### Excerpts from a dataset

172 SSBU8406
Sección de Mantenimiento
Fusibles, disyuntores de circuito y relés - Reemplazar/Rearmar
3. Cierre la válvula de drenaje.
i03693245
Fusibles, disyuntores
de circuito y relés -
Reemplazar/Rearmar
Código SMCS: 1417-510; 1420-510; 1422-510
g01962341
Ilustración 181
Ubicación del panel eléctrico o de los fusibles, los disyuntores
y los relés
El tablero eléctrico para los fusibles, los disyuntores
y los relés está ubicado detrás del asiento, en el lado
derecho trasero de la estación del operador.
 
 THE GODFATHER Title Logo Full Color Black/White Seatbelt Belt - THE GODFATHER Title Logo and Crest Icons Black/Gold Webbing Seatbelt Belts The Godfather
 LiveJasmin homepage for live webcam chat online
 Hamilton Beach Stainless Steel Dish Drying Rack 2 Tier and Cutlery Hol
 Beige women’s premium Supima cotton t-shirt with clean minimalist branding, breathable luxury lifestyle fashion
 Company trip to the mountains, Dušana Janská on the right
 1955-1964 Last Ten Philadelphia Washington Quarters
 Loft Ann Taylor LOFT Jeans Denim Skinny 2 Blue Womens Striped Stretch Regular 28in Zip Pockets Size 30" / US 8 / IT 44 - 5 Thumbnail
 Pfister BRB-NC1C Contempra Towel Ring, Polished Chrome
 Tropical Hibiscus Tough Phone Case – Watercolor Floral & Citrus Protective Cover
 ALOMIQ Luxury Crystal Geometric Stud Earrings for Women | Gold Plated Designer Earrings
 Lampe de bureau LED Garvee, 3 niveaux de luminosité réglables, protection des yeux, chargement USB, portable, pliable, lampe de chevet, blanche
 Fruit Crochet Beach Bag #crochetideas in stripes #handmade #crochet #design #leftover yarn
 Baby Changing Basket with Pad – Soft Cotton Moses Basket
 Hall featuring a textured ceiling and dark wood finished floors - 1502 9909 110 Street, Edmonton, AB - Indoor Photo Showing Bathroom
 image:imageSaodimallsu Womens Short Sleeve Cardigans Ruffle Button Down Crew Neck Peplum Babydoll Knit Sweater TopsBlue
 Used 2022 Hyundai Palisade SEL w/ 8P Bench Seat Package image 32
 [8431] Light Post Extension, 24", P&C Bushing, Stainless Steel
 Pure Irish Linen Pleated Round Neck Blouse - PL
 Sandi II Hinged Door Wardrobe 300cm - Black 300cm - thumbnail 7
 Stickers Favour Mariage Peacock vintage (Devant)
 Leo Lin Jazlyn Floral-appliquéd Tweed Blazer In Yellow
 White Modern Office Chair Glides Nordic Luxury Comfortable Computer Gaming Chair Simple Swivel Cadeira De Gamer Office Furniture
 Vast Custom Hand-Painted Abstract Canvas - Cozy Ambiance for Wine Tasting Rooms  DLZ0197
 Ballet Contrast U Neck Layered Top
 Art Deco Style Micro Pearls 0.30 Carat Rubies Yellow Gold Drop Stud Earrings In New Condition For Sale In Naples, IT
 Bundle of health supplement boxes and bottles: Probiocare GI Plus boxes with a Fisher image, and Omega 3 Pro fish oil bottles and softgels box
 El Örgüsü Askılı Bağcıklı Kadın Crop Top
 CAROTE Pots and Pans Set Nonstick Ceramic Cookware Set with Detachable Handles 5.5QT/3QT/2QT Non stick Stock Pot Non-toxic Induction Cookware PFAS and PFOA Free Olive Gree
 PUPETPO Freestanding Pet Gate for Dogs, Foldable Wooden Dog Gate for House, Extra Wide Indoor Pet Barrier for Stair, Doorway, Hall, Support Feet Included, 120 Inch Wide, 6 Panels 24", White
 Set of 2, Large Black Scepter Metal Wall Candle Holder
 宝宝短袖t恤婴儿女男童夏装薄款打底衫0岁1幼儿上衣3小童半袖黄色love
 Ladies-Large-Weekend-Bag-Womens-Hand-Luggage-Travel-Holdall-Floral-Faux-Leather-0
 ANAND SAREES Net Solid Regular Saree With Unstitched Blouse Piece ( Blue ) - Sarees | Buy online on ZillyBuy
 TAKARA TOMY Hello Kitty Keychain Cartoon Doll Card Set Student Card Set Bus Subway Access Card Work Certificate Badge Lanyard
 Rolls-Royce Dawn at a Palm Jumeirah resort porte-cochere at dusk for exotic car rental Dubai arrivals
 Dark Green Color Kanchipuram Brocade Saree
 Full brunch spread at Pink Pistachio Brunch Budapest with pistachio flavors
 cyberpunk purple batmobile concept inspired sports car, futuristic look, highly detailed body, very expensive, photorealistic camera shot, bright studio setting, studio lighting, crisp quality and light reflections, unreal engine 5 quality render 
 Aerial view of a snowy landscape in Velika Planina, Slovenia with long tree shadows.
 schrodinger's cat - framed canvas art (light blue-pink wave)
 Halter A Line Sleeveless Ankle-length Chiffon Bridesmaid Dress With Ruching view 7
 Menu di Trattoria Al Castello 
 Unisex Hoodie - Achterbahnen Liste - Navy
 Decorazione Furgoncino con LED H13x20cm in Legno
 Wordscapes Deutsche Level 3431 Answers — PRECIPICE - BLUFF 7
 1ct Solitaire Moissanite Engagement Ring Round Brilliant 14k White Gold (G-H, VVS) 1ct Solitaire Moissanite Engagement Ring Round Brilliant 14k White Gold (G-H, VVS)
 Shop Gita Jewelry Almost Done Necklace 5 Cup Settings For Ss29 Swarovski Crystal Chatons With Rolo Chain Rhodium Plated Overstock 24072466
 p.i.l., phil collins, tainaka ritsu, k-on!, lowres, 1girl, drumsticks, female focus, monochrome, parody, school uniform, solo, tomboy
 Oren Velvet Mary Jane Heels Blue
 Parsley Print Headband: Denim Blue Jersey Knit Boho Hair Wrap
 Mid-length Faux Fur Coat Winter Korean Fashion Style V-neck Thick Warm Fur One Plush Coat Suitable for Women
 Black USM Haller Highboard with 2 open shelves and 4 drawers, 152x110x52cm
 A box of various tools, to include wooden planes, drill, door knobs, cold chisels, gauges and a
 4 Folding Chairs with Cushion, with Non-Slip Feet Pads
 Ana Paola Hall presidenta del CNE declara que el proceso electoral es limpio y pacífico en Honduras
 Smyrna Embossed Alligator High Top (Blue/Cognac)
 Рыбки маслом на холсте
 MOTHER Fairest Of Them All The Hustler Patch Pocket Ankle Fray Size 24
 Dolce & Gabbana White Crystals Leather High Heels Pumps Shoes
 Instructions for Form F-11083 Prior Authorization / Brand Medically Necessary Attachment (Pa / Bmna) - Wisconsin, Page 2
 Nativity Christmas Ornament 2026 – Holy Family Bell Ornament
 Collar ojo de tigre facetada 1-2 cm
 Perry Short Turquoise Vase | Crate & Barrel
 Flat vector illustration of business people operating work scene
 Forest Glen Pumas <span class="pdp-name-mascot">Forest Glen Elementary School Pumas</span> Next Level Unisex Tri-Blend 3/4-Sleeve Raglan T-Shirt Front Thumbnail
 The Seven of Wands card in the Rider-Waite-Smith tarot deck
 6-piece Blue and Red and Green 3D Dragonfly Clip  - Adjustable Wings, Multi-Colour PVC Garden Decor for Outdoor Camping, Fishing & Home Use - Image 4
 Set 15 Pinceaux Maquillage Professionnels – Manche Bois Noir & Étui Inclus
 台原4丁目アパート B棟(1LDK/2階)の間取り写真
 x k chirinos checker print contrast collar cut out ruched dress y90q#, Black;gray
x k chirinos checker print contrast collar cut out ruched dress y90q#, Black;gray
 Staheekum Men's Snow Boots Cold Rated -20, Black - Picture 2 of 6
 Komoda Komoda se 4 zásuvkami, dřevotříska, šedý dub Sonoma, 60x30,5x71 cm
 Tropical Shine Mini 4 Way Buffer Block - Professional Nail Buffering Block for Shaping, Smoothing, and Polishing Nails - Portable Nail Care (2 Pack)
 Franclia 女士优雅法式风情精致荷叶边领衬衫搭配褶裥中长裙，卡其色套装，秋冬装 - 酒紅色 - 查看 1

### WORK INSTRUCTION
State how many lines of the data above contain the string "Plated", and give no other words.

### RESULT
2